— Exercise details —
Would you give back exactly the lines from the line with "Mobiltelefon SPC 2304N" through the end of the entries below, both included, but none of the pictures?

— Data —
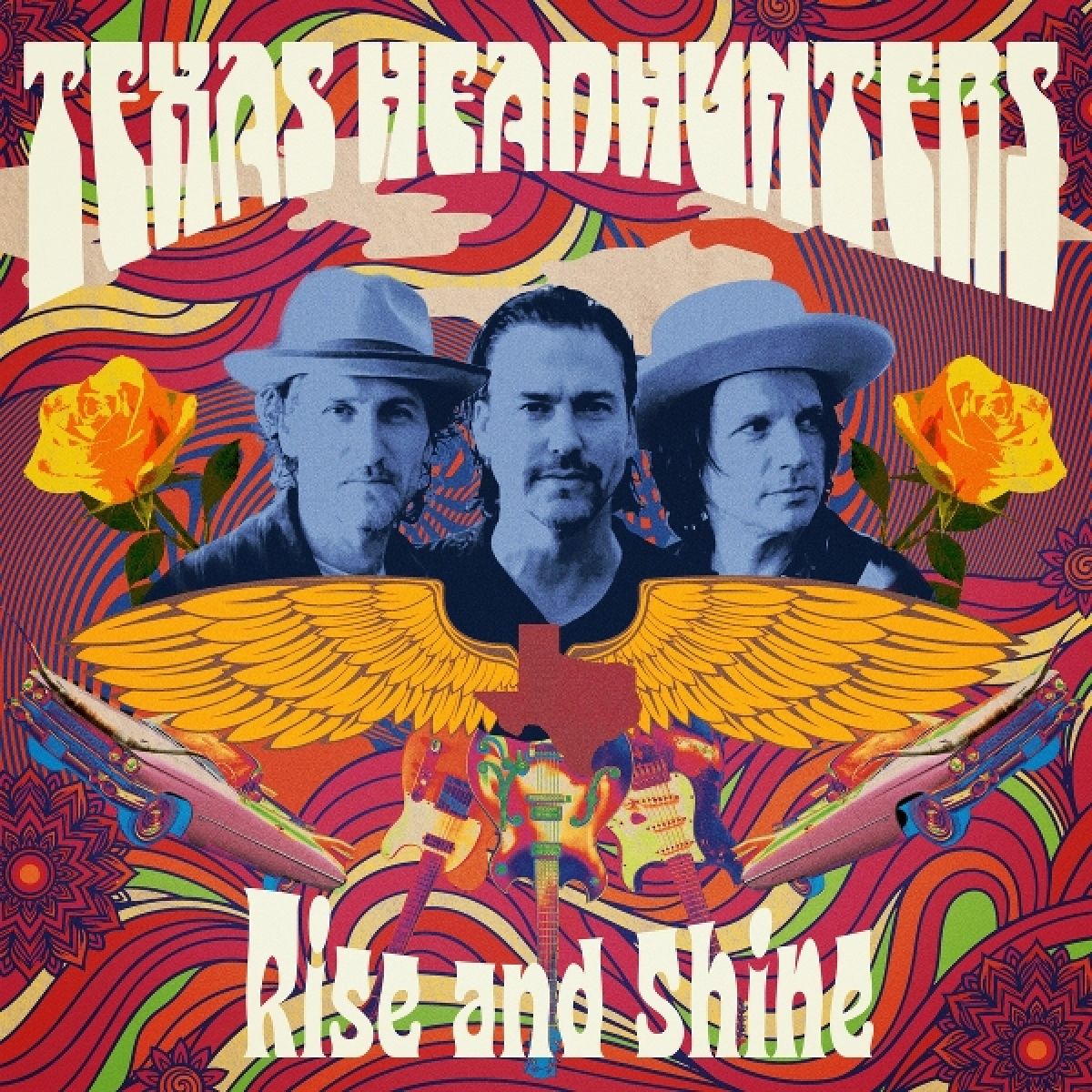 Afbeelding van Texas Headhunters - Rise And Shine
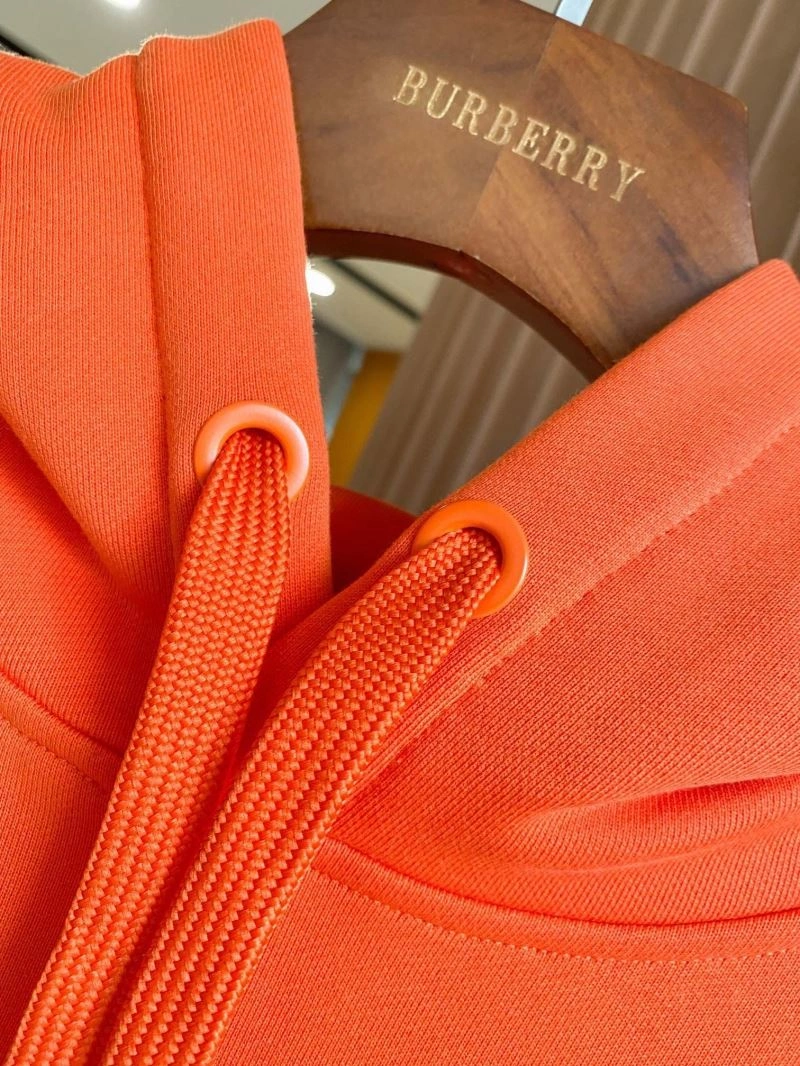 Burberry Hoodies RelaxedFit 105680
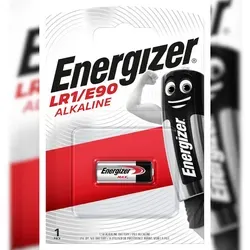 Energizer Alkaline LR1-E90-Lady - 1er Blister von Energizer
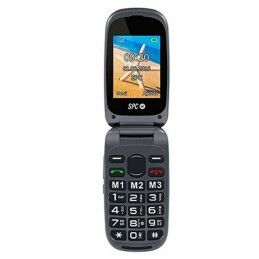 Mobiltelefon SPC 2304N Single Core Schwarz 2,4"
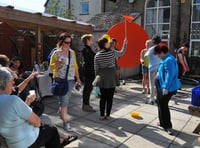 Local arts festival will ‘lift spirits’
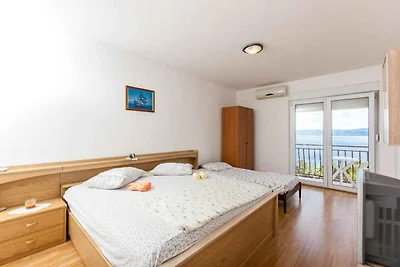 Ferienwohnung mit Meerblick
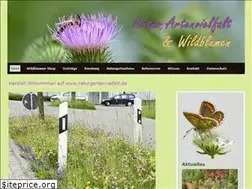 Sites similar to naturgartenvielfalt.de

— Result of this task —
 Mobiltelefon SPC 2304N Single Core Schwarz 2,4"
 Local arts festival will ‘lift spirits’
 Ferienwohnung mit Meerblick
 Sites similar to naturgartenvielfalt.de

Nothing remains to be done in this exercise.